Schweinkottfügel re-opened this discussion on Sep 29, 2017 @ 12:25 PM
12 Posted by Schweinkottfüge... on Sep 29, 2017 @ 12:25 PM
Sounds sensible. A lot of my wrong turns came from thinking "in the project" rather than thinking "for all kinds of future projects" in compile.
For example... one early grumble I had was:"why do I need Section Types and Section Layouts? I'm just creating a Type called Chapter and an Layout called Chapter and then linking them. Why the extra steps and extra things to forget / debug?" Of course, that's fine if I'm creating a compile preset just for a particular project (which I was at the time). The value became a lot clearer when I realised that I'm really designing a format preset that can survive a lot of different project structures.
Not that voting is a thing, but I would concur that removing as-is from the Section Types is a good idea. It doesn't really fit in the architecture philosophy.
13 Posted by keith on Oct 02, 2017 @ 12:41 PM
I have now removed "As-Is" from Section Types. For documents with "As-Is" set in existing projects (either in 2.x or 3.0), a project Section Type will be created and used for them so that it's still easy to set them to Compile "As-Is" by assigning that Section Type to the "As-Is" Section Layout. The only thing confounding us now is what to call the Section Type that gets created for projects that need it, because obviously calling it "As-Is" would defy the point of removing the built-in "As-Is" Section Type. It's "Text Block" at the moment, although we're also toying with "Verbatim", but that doesn't quite mean what it needs to mean...
keith closed this discussion on Oct 02, 2017 @ 12:41 PM.
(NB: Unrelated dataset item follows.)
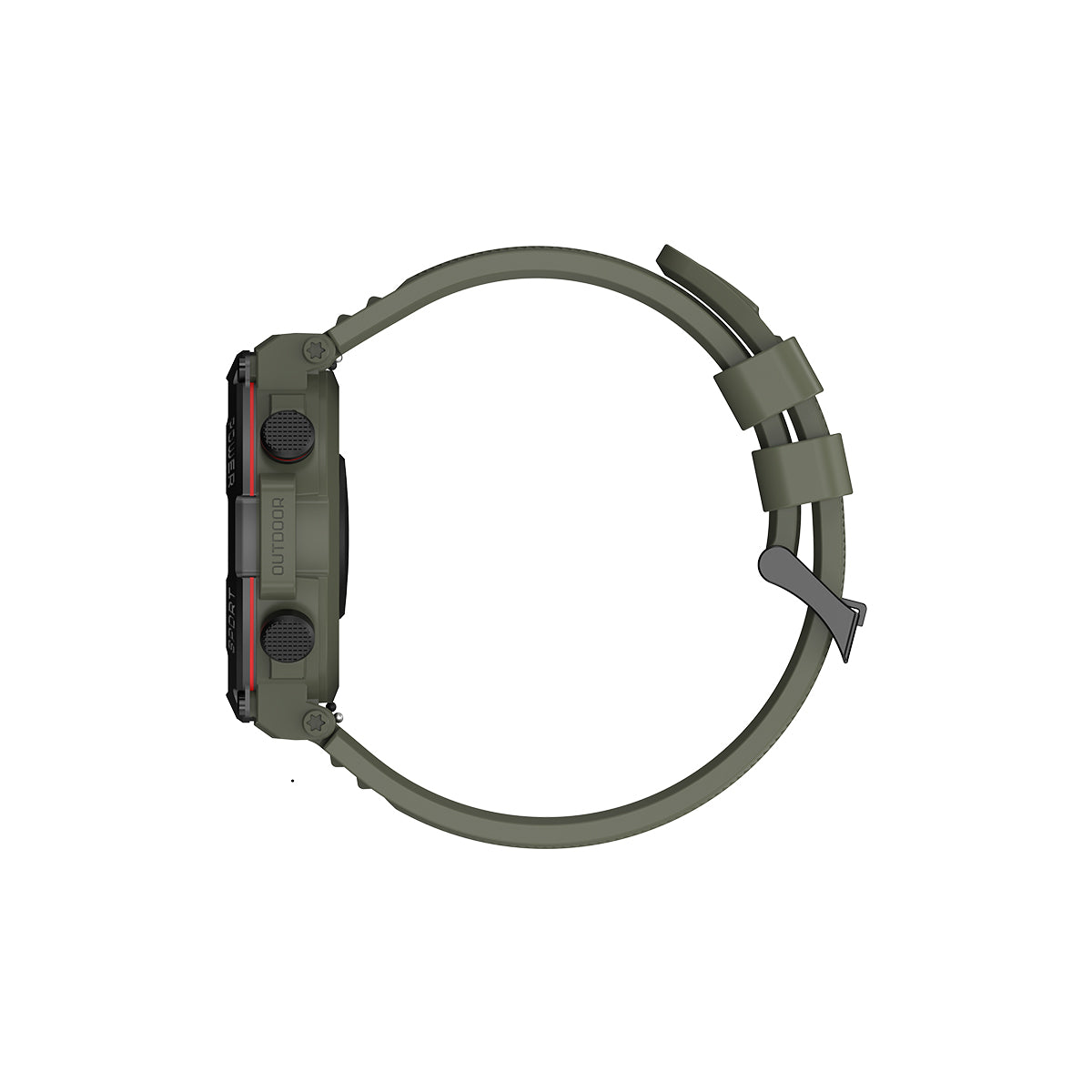 Blackview W50 10 Meter wasserdichte, stilvolle Sport- und Fitness-Smartwatch 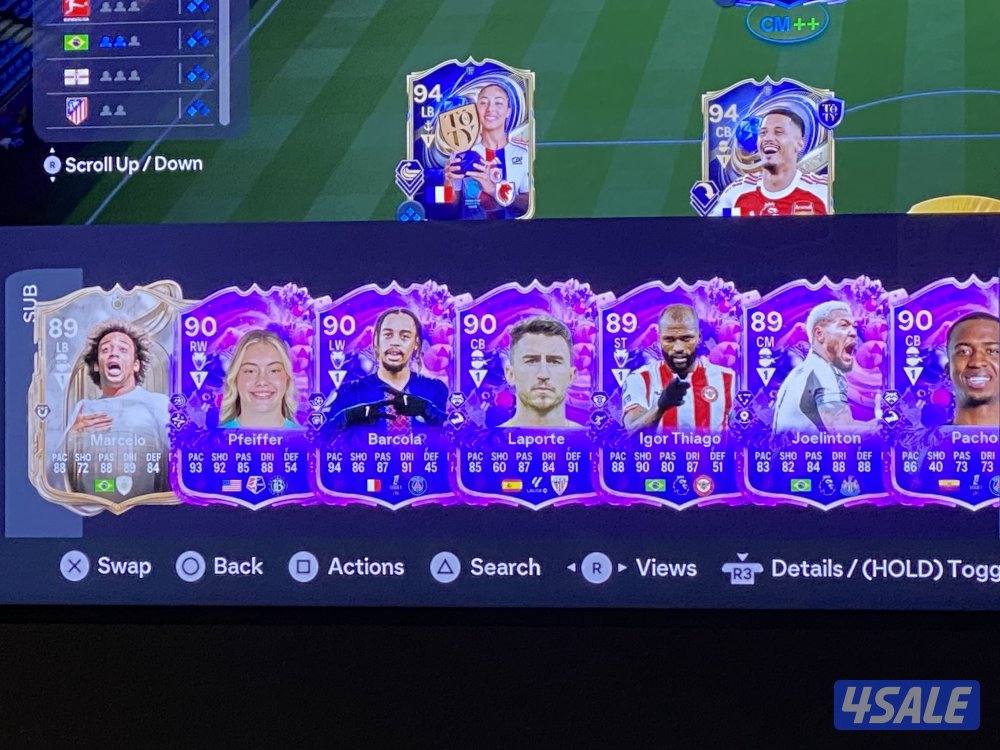 حساب فيفا سوني و EA2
Schweinkottfügel re-opened this discussion on Oct 02, 2017 @ 03:26 PM
14 Posted by Schweinkottfüge... on Oct 02, 2017 @ 03:26 PM
15 Posted by Ioa on Oct 03, 2017 @ 11:36 AM
"Xeroxed"
16 Posted by Schweinkottfüge... on Oct 05, 2017 @ 02:17 PM
Besides... you shouldn’t say “xeroxed” as this team of lawyers at Velcro helpfully explain: https://youtu.be/rRi8LptvFZY
System closed this discussion on Nov 30, 2017 @ 02:20 PM.